_YOUR OBJECTIVE_
This task calls for the lines below starting at the one containing "沼津市大岡新築アパートの間取図" and ending at the one containing "Angličtina - Vedlejší", repeated exactly with both ends kept and pictures left out.

_SUPPLIED RECORDS_
----
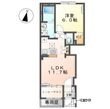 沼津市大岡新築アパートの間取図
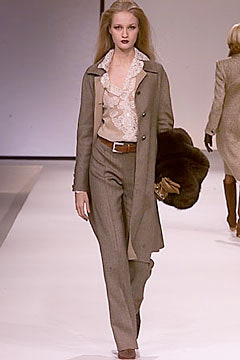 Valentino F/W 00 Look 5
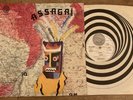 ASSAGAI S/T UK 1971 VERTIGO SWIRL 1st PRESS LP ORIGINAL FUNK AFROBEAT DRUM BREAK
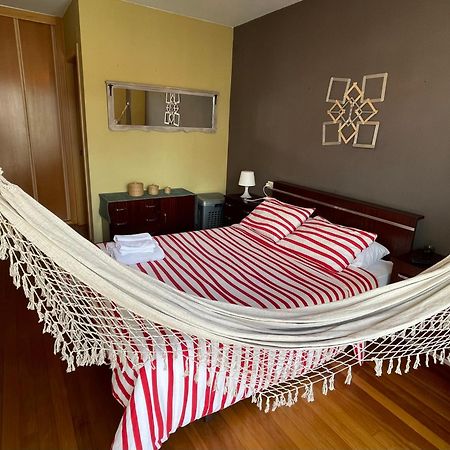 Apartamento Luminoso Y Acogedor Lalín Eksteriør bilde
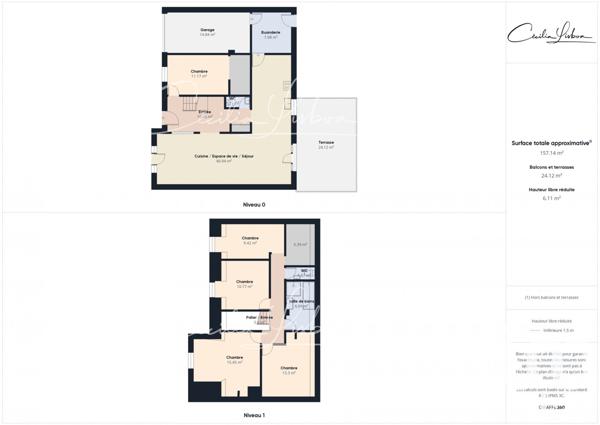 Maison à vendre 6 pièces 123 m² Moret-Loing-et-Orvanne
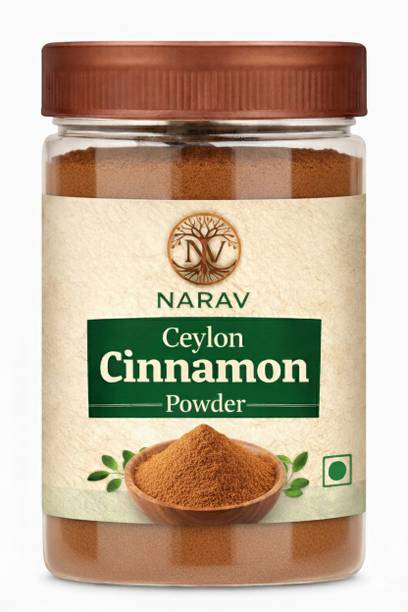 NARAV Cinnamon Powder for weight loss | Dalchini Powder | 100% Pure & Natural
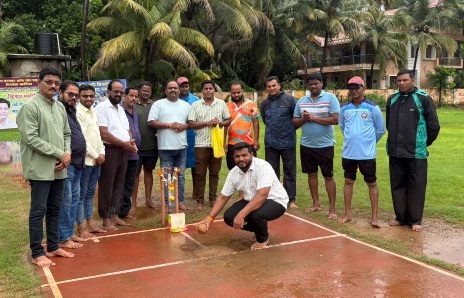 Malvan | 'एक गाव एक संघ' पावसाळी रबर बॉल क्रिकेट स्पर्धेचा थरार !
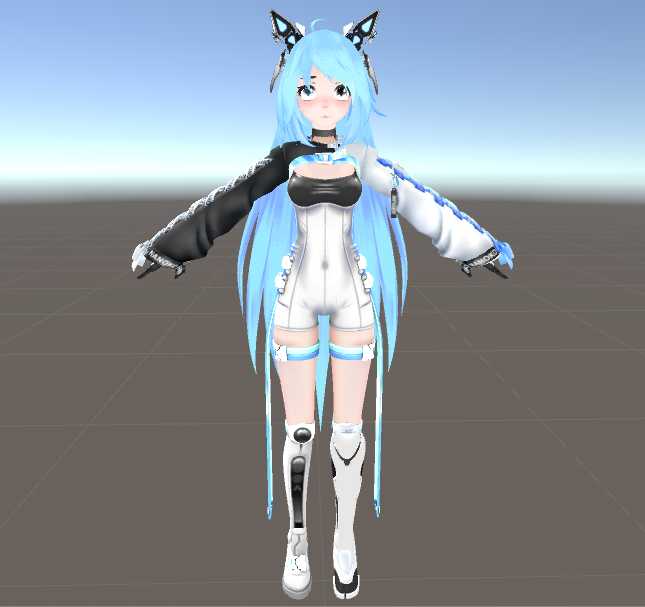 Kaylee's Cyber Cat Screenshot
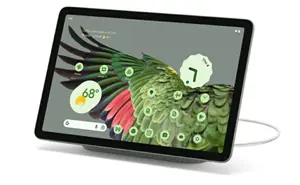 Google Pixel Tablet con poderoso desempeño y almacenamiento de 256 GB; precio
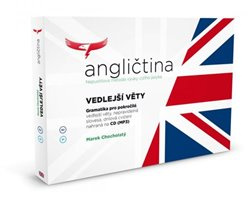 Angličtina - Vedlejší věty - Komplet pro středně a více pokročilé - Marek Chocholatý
----
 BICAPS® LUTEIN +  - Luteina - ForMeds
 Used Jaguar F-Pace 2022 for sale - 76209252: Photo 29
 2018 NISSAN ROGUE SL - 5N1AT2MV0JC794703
----
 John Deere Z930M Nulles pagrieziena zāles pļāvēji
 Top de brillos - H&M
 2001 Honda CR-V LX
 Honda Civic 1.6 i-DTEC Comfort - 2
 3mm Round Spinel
----
_EXERCISE RESPONSE_
 沼津市大岡新築アパートの間取図
 Valentino F/W 00 Look 5
 ASSAGAI S/T UK 1971 VERTIGO SWIRL 1st PRESS LP ORIGINAL FUNK AFROBEAT DRUM BREAK
 Apartamento Luminoso Y Acogedor Lalín Eksteriør bilde
 Maison à vendre 6 pièces 123 m² Moret-Loing-et-Orvanne
 NARAV Cinnamon Powder for weight loss | Dalchini Powder | 100% Pure & Natural
 Malvan | 'एक गाव एक संघ' पावसाळी रबर बॉल क्रिकेट स्पर्धेचा थरार !
 Kaylee's Cyber Cat Screenshot
 Google Pixel Tablet con poderoso desempeño y almacenamiento de 256 GB; precio
 Angličtina - Vedlejší věty - Komplet pro středně a více pokročilé - Marek Chocholatý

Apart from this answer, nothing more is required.